TASK PROMPT: Repeat the listing below in full, keeping each word as given.

AVAILABLE DATA:
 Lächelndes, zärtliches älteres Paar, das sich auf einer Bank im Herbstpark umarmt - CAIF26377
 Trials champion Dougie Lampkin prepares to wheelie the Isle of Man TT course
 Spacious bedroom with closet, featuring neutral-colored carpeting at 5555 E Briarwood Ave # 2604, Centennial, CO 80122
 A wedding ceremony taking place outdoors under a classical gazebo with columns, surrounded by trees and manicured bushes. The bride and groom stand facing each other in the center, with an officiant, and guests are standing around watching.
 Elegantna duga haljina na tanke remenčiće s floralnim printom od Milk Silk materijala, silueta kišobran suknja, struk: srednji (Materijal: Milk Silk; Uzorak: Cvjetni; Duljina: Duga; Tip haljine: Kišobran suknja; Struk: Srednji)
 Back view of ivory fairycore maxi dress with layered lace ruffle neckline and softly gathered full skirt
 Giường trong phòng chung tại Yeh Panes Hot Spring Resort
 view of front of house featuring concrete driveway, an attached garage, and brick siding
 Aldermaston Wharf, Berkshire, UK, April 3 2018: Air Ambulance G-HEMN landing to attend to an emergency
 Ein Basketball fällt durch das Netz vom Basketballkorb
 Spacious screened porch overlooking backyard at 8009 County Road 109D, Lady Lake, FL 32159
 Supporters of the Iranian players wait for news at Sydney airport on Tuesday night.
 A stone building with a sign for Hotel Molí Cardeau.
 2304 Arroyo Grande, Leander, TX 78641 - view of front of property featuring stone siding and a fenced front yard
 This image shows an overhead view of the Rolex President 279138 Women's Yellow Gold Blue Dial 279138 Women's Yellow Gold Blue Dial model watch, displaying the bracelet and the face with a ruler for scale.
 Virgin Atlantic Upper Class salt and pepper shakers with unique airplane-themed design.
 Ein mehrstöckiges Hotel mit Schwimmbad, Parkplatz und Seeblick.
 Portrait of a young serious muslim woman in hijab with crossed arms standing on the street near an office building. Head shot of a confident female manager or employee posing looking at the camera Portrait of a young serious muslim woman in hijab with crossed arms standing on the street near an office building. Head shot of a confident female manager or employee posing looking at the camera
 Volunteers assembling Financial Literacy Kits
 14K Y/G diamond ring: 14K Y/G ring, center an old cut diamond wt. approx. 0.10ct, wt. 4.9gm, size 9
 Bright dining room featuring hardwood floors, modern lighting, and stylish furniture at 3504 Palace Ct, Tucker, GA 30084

SOLUTION:
 Lächelndes, zärtliches älteres Paar, das sich auf einer Bank im Herbstpark umarmt - CAIF26377
 Trials champion Dougie Lampkin prepares to wheelie the Isle of Man TT course
 Spacious bedroom with closet, featuring neutral-colored carpeting at 5555 E Briarwood Ave # 2604, Centennial, CO 80122
 A wedding ceremony taking place outdoors under a classical gazebo with columns, surrounded by trees and manicured bushes. The bride and groom stand facing each other in the center, with an officiant, and guests are standing around watching.
 Elegantna duga haljina na tanke remenčiće s floralnim printom od Milk Silk materijala, silueta kišobran suknja, struk: srednji (Materijal: Milk Silk; Uzorak: Cvjetni; Duljina: Duga; Tip haljine: Kišobran suknja; Struk: Srednji)
 Back view of ivory fairycore maxi dress with layered lace ruffle neckline and softly gathered full skirt
 Giường trong phòng chung tại Yeh Panes Hot Spring Resort
 view of front of house featuring concrete driveway, an attached garage, and brick siding
 Aldermaston Wharf, Berkshire, UK, April 3 2018: Air Ambulance G-HEMN landing to attend to an emergency
 Ein Basketball fällt durch das Netz vom Basketballkorb
 Spacious screened porch overlooking backyard at 8009 County Road 109D, Lady Lake, FL 32159
 Supporters of the Iranian players wait for news at Sydney airport on Tuesday night.
 A stone building with a sign for Hotel Molí Cardeau.
 2304 Arroyo Grande, Leander, TX 78641 - view of front of property featuring stone siding and a fenced front yard
 This image shows an overhead view of the Rolex President 279138 Women's Yellow Gold Blue Dial 279138 Women's Yellow Gold Blue Dial model watch, displaying the bracelet and the face with a ruler for scale.
 Virgin Atlantic Upper Class salt and pepper shakers with unique airplane-themed design.
 Ein mehrstöckiges Hotel mit Schwimmbad, Parkplatz und Seeblick.
 Portrait of a young serious muslim woman in hijab with crossed arms standing on the street near an office building. Head shot of a confident female manager or employee posing looking at the camera Portrait of a young serious muslim woman in hijab with crossed arms standing on the street near an office building. Head shot of a confident female manager or employee posing looking at the camera
 Volunteers assembling Financial Literacy Kits
 14K Y/G diamond ring: 14K Y/G ring, center an old cut diamond wt. approx. 0.10ct, wt. 4.9gm, size 9
 Bright dining room featuring hardwood floors, modern lighting, and stylish furniture at 3504 Palace Ct, Tucker, GA 30084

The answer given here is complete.